Zu allererst erhält unser Held einen Brief von Prinzessin Peach, in welchem er von ihr zu einer besonderen Feier eingeladen wird. Es handelt sich nämlich um das „Sternenfest“, welches nur alle 100 Jahre im Pilzkönigreich stattfindet. Ein riesiger Komet fliegt an diesem Tag vorbei und lässt lauter Sterne und Sternenstaub auf die Erde fallen. Alle Bewohner feiern voller Freude und auch Mario schlendert fröhlich zur Party. Doch dann taucht sein finsterer Widersacher auf und man ahnt nur Böses: König Bowser ist zurück und er hat einen Plan, der schlimmer ist als je zuvor! Diesmal will er eine gewaltige Galaxie erschaffen, in der er zusammen mit Peach das Universum regieren will. Unser aktiver Klempner kann das natürlich nicht zulassen und versucht sich gegen den Feind zu stellen. Aber leider Gottes kann Mario ihm nicht das Wasser reichen, verliert sein Bewusstsein und fällt in die Tiefe.
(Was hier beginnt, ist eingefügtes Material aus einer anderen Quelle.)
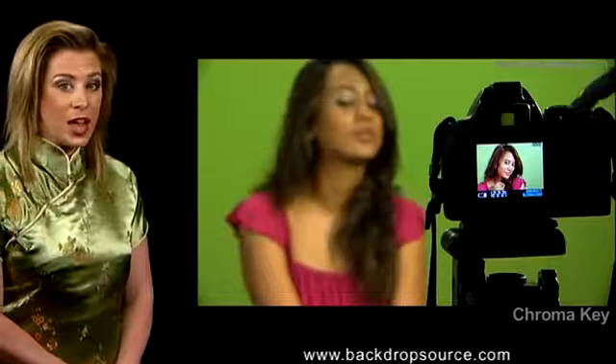Set up your camera on a steady tripod, approximately 12 feet from the subject. Focus the camera on your subject. Use a high shutter speed and also wide aperture, say F4.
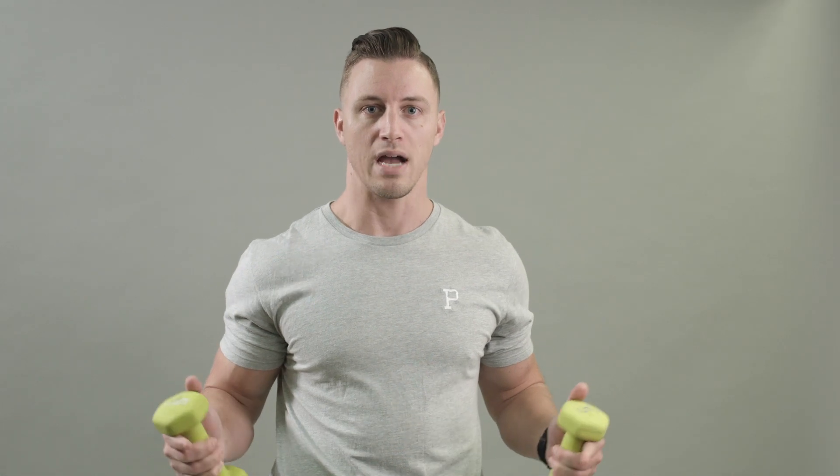For your rotator cuffs, we're going to do internal rotation and external rotation. Usually you want to do this after you do your arm circles — probably about 50 to 100 forward and 50 to 100 backwards.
Nach einigen ungewollten Schlafstunden trifft er auf Rosalina, die Wächterin der „Luma“. Das sind kleine Sternenwesen, die sich ab einem reifen Alter zu einem neuen Himmelskörper verwandeln. Später bittet Rosalina Mario die gefangenen Power-Sterne zu befreien und gibt ihm zu diesem Zweck einen Baby Luma. Mit diesem kann er fortan eine mächtige Drehattacke ausführen. Nun liegt es an dem kleinen pummeligen Männchen die gesamte Welt vor den Fängen des grimmigen Monsters zu retten….

 

 

Super Mario Galaxy besitzt keine besonders tolle Story, aber das braucht es auch nicht. Denn die Mario-Spiele begeistern uns durch deren geniale Gameplays und nicht durch tiefgründige Geschichten. Und zum Gameplay kommen wir jetzt:Zum ersten Mal in der langjährigen Super Mario-Historie ist man im schwerelosen Weltall – das heißt: Anti-Schwerkraft ist angesagt! Man rast, schwimmt, hüpft und fliegt in den zahlreichen Planeten und Galaxien. Davon gibt es große, kleine, runde und sogar viereckige; alle möglichen Formen und Flächen sind als unterhaltsame Levels im Spiel vorhanden. Kunstvolle Wälder, schaurige Geisterhäuser, prächtige Gewässer und viele weitere ansehnliche Umgebungen gibt es hier zu finden. Und wenn man ausversehen von der Klippe oder dem Rand eines Gebietes springt, landet man dank der Schwerelosigkeit wieder auf den Boden. Diese vollkommen frische Spielart ist wahrlich genial.

 

 

Aber denkt jetzt bloß nicht, dass das Game ziemlich durchschnittlich zu spielen ist. Denn auch der Schwierigkeitsgrad hat es total in sich. Die Levels können an so manchen Stellen knüppelhart sein. Aber irgendetwas fehlt doch noch an dieser Stelle? Na klar, die starken „Power-Ups“! Was wäre Super Mario ohne seine Power-Ups? Richtig bemerkt, ein hilfloser Mann. Deswegen haben sich die Entwickler zig neue Upgrades ausgedacht, mit denen ihr noch mehr Spaß beim Spielen habt. Der Bienen-Pilz ermöglicht Mario das Fliegen und das Klettern an Honigwaben; der Geist-Pilz verwandelt ihn zu einem Gespenst und folglich kann er durch Wände gleiten; der Feder-Pilz transformiert euch in eine Sprungfeder und hohe Sprünge sind künftig möglich; der Regenbogen-Stern verleiht ihm Unverwundbarkeit und mehr Schnelligkeit. Außerdem sind wieder zwei Klassiker dabei: Die Feuer- und die Eisblume.

 

 

Übrigens wurde auch der zweite Spieler mit einbezogen, denn dieser kann Gegner aufhalten, Hindernisse beseitigen und einiges mehr. Dies ist zwar für den ersten Player hilfreich, aber umso langweiliger für den Mitspieler. Trotzdem ist es eine ganz nette Idee, da es sich hier sowieso um ein Singleplayer-Game handelt.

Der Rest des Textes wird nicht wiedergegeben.